Answer: If you answered that you are second to last, then you are wrong again. Tell me, how can you overtake the LAST Person? 

You're not very good at this! Are you? 

Third Question: 

Very tricky math! Note: This must be done in your head only. 

Do NOT use paper and pencil or a calculator. Try it. 


Take 1000 and add 40 to it. Now add another 1000. Now add 30. Add another 1000. Now add 20. Now add another 1000 Now add 10. 
What is the total? 


Scroll down for answer. 

Did you get 5000? 

The correct answer is actually 4100. 

Don't believe it? Check with your calculator! Today is definitely not your day. Maybe you will get the last question right? 

Fourth Question: 

Mary's father has five daughters: 1. Nana, 2. Nene, 3. Nini, 4. Nono. What is the name of the fifth daughter? 

Answer: Nunu? 

NO! Of course not. 

Her name is Mary. Read the question again 

Okay, now the bonus round: 

There is a mute person who wants to buy a toothbrush. By imitating the action of brushing one's teeth he successfully expresses himself to the shopkeeper and the purchase is done. 

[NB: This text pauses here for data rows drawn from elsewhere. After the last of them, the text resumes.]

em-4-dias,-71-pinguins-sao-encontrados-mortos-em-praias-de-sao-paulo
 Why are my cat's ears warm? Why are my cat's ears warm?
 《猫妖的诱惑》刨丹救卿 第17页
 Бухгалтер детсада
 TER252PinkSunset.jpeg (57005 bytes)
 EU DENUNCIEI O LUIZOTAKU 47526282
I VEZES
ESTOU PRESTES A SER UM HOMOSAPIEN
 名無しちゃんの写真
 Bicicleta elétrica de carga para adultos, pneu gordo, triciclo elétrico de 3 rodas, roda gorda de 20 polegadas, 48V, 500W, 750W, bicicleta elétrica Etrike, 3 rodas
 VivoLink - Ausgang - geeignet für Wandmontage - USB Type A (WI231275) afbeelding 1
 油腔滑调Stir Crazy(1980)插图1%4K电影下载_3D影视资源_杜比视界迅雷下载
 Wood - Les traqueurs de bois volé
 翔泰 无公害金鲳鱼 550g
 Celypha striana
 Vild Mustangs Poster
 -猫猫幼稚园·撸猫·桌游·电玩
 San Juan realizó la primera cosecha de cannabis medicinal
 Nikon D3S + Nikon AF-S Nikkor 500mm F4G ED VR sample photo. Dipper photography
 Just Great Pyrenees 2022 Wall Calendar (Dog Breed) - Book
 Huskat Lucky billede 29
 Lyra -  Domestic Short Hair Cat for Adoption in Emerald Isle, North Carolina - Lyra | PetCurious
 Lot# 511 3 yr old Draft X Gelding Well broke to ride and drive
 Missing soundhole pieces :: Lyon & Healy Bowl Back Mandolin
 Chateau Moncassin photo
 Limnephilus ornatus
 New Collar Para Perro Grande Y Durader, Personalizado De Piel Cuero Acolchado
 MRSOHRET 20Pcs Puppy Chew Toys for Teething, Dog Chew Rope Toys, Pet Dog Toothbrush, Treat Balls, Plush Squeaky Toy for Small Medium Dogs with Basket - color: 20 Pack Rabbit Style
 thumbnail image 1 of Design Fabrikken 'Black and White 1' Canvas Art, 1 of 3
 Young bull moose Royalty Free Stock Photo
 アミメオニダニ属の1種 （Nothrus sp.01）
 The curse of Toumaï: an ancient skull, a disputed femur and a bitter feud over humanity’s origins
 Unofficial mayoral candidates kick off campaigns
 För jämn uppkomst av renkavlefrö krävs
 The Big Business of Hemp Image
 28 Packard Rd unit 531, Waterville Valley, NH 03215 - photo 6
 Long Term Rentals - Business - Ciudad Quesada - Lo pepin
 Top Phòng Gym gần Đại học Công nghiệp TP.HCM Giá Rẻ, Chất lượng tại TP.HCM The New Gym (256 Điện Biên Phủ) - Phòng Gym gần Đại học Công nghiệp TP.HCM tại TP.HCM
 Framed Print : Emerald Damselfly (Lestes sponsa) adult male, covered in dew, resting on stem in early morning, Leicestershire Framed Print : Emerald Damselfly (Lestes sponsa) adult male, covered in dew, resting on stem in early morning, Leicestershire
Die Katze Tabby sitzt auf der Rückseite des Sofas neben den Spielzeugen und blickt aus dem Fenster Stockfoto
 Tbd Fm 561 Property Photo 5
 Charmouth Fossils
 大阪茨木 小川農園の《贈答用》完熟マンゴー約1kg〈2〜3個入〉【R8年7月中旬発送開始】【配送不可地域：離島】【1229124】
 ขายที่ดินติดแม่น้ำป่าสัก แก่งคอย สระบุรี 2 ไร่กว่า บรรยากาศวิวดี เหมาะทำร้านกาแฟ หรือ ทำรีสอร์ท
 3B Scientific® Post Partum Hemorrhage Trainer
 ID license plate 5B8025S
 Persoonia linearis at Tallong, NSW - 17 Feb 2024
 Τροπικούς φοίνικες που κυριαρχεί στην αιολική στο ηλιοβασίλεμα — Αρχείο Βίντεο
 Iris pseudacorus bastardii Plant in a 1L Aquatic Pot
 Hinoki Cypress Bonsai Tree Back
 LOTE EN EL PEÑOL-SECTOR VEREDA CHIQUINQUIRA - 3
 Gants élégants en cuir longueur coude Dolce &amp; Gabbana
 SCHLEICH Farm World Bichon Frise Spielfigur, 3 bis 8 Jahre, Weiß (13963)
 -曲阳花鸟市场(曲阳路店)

Now if there is a blind man who wishes to buy a pair of sunglasses, how should he express himself? 

He just has to open his mouth and ask, so simple.


----------



## 89429 (May 23, 2005)

Pusser whats the question ?


----------



## Anonymous (Nov 10, 2000)

This is based on honesty. You read the question and if you get some right you stick your result in the poll. I got one right, therefore I am winning at present. 8)

p.s. Bugger, Someone got them all.


----------



## smifee (May 17, 2005)

is forgetting to type 'and you take his place' in line 7 a sign of dementia :?: :wink:  :lol: :roll:


----------



## Drummer (May 9, 2005)

Pusser said:


> p.s. Bugger, Someone got them all.


It'll be a bl**dy politian! :roll: 
Thanks for letting me know what I've got.
Unfortunately, I've forgotten what it was. 
(that I was writting about?)
(I'm writting about something?)
My name is drummer & I'm 66 & a quarter. Mummy says I'm a GOOD writer! :roll: :lol:


----------



## Raine (May 10, 2005)

Hm!!! I think therefore i am, i think. Well, maybe, argh!!!!!!!!!!!!!!!! :roll:


----------



## Anonymous (Nov 10, 2000)

smifee said:


> is forgetting to type 'and you take his place' in line 7 a sign of dementia :?: :wink:  :lol: :roll:


Is it a sign of dementia that I don't understand this question either.


----------